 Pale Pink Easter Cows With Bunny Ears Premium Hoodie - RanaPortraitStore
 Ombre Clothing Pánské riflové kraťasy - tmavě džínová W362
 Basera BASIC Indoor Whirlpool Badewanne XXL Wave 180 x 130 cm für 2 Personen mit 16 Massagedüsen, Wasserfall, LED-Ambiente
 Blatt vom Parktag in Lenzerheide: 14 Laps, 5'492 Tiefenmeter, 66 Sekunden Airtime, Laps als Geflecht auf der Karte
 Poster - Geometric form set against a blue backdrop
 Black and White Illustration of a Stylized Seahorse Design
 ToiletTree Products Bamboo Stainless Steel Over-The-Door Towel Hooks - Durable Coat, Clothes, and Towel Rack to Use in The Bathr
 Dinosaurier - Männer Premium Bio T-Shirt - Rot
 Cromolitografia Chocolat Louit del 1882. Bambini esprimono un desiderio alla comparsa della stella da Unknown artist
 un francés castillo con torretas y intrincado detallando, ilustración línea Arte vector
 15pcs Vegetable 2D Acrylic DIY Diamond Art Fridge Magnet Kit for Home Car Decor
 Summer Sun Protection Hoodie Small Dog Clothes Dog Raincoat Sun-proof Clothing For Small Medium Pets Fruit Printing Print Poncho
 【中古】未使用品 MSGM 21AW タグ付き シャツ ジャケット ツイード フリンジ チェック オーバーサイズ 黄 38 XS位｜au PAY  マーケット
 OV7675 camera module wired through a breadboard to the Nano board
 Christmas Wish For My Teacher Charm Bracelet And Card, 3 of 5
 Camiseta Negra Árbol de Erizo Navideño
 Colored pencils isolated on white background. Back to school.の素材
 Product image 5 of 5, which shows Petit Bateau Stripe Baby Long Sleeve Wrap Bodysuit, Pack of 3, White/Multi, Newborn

▶ **EXERCISE REQUIREMENTS**
Every line from the one that holds "Colored pencils isolated" to the end of the data above should be given again exactly, with that line and the last one both kept.

▶ **ANSWER BOX**
 Colored pencils isolated on white background. Back to school.の素材
 Product image 5 of 5, which shows Petit Bateau Stripe Baby Long Sleeve Wrap Bodysuit, Pack of 3, White/Multi, Newborn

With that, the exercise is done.